Article 2 : Une astreinte de 25 euros par jour est prononcée à l’encontre de l’Etat s’il n’est pas justifié, dans le délai de deux mois à compter de la notification du présent arrêt, de l’exécution du jugement du tribunal administratif de Poitiers du 16 juillet 2021 ensemble du présent arrêt et jusqu’à la date de cette exécution. Le ministre de l’économie, des finances et de la relance communiquera à la cour copie des actes justifiant des mesures prises pour cette exécution.

Article 3 : L’Etat versera à M. C une somme de 1 200 euros au titre de l’article L. 761-1 du code de justice administrative.
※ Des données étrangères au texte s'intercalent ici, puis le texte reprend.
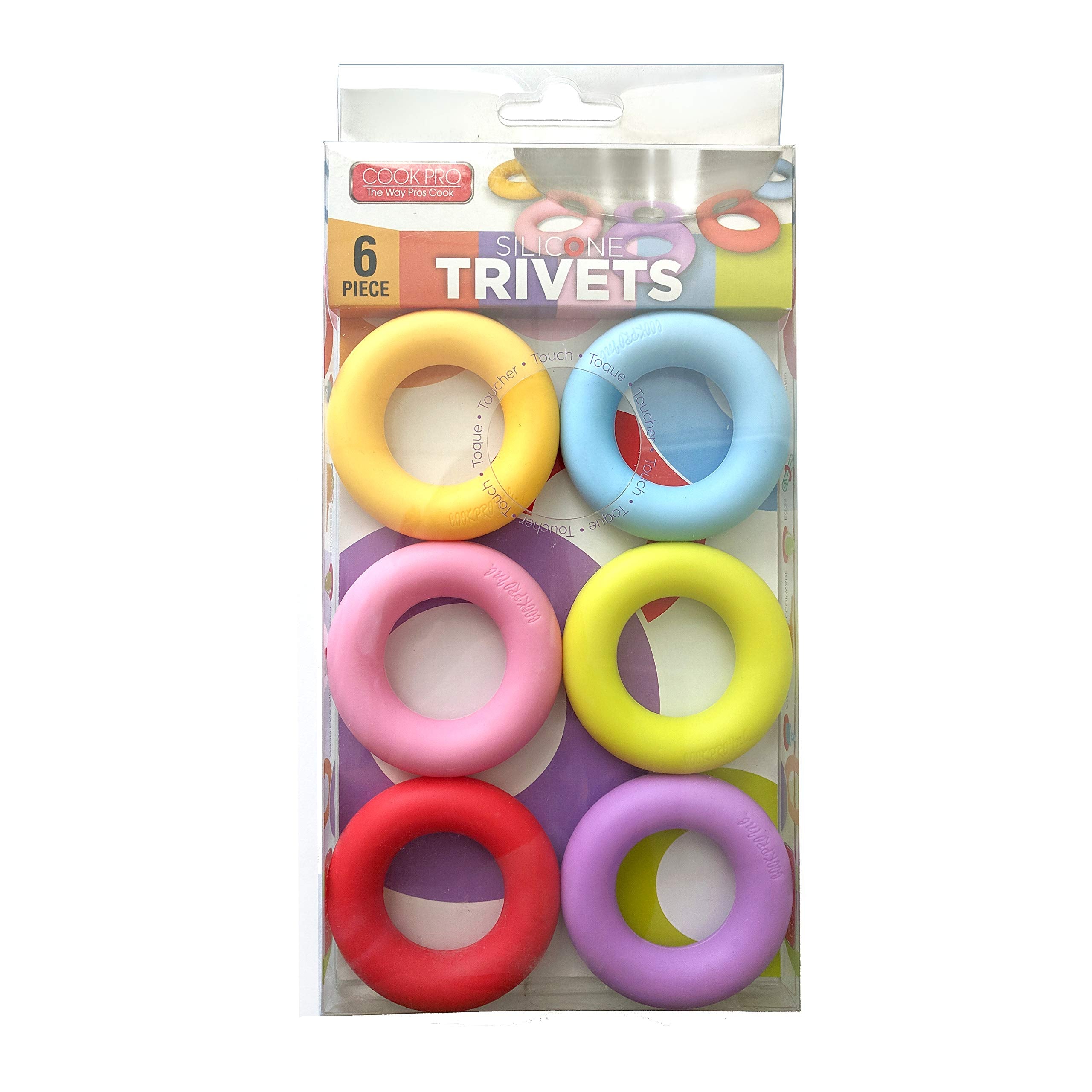Cook Pro 6-Piece Round Silicone Trivets, Red/Blue/Green/Yellow/Purple/Pink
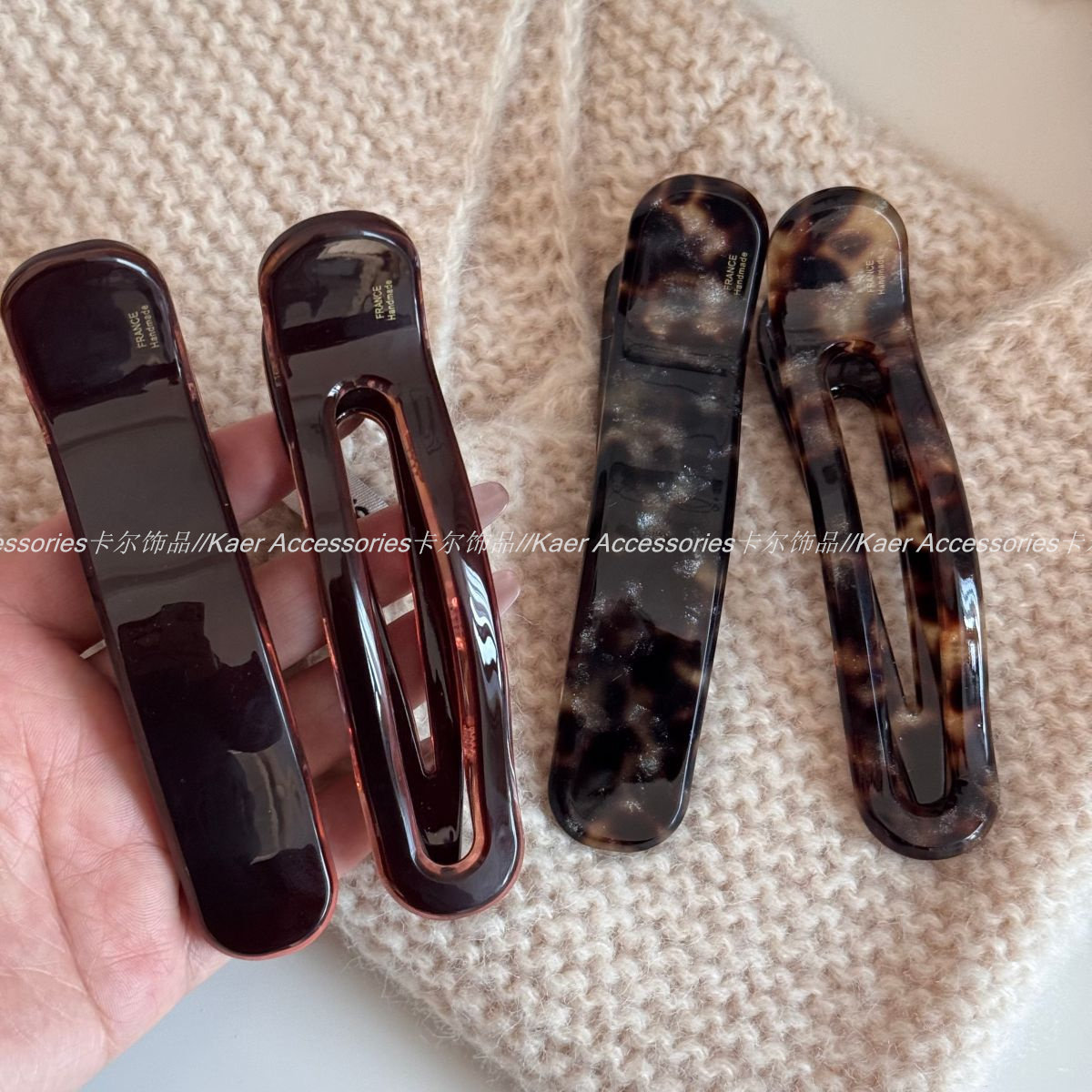 质感树脂发夹后脑勺盘发鸭嘴夹碎发刘海夹侧边夹高级感发卡发饰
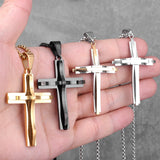 Stainless Steel Double Layers Cross Men Necklaces Pendants Chain Punk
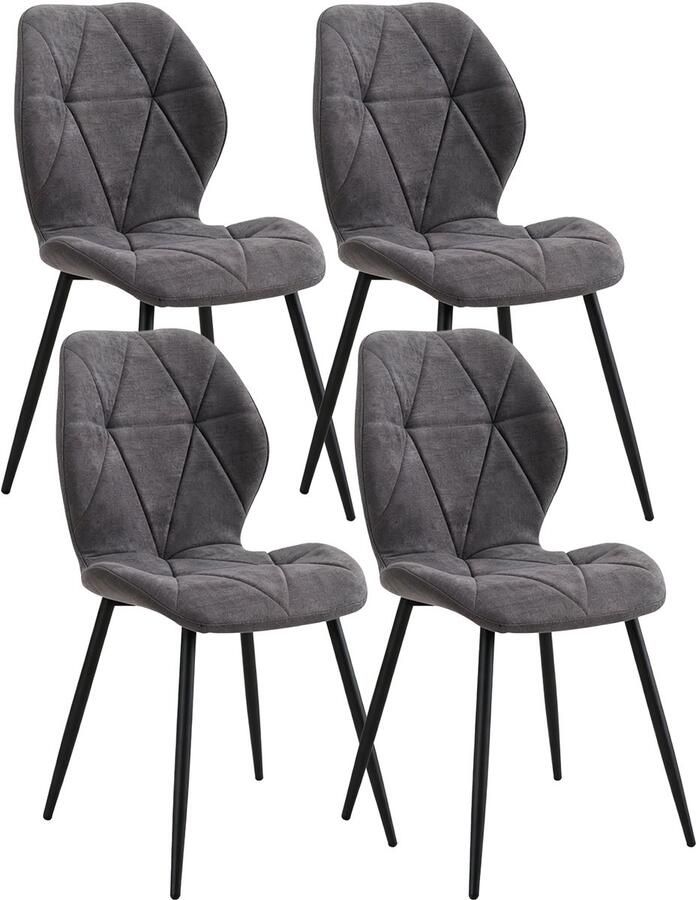 Fineliving Eetkamerstoelen set van 4 – Donkergrijs – Industrieel – Fluwelen Stof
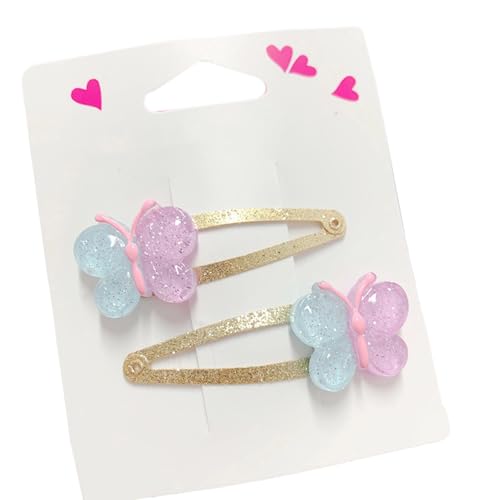 2 pinzas para el pelo con purpurina con diseños de flores y pasteles, adornos para el pelo de los niños de dibujos animados para el uso diario de las niñas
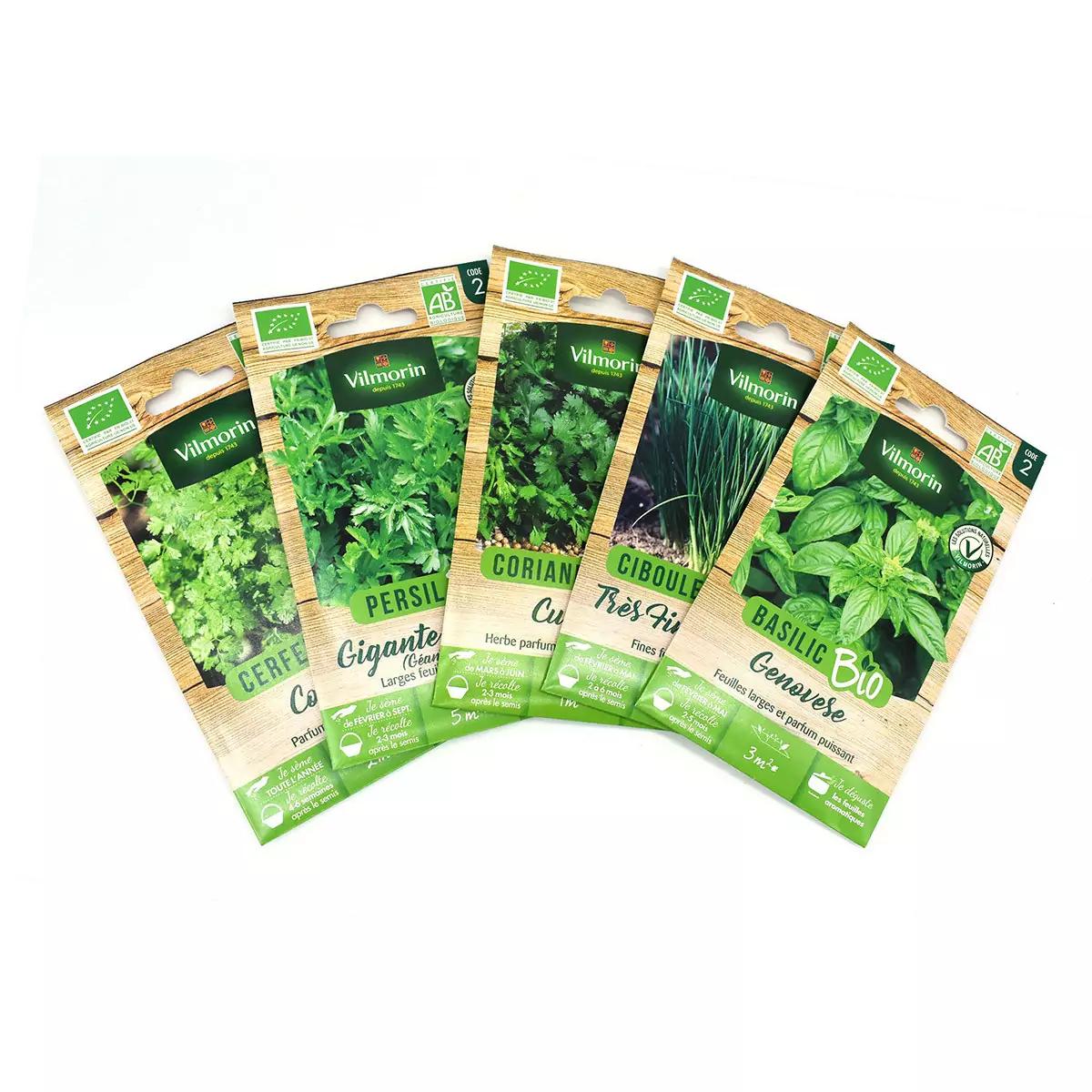Pack de 5 sachets graines aromatiques BIO : Basilic - Ciboulette -Coriandre - Persil - Cerfeuil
Article 4 : Le présent arrêt sera notifié au ministre de l’économie, des finances et de la relance et à M. A C.

Délibéré après l’audience du 5 avril 2022 à laquelle siégeaient :

Mme Evelyne Balzamo, présidente,

M. Dominique Ferrari, président-assesseur,

M. Michaël Kauffmann, premier conseiller,

Rendu public par mise à disposition au greffe le 10 mai 2022.

Le rapporteur,

Michaël D La présidente,

Evelyne BalzamoLe greffier,

Fabrice Phalippon

La République mande et ordonne au ministre de l’économie, des finances et de la relance en ce qui le concerne, et à tous huissiers de justice à ce requis, en ce qui concerne les voies de droit commun contre les parties privées, de pourvoir à l’exécution du présent arrêt.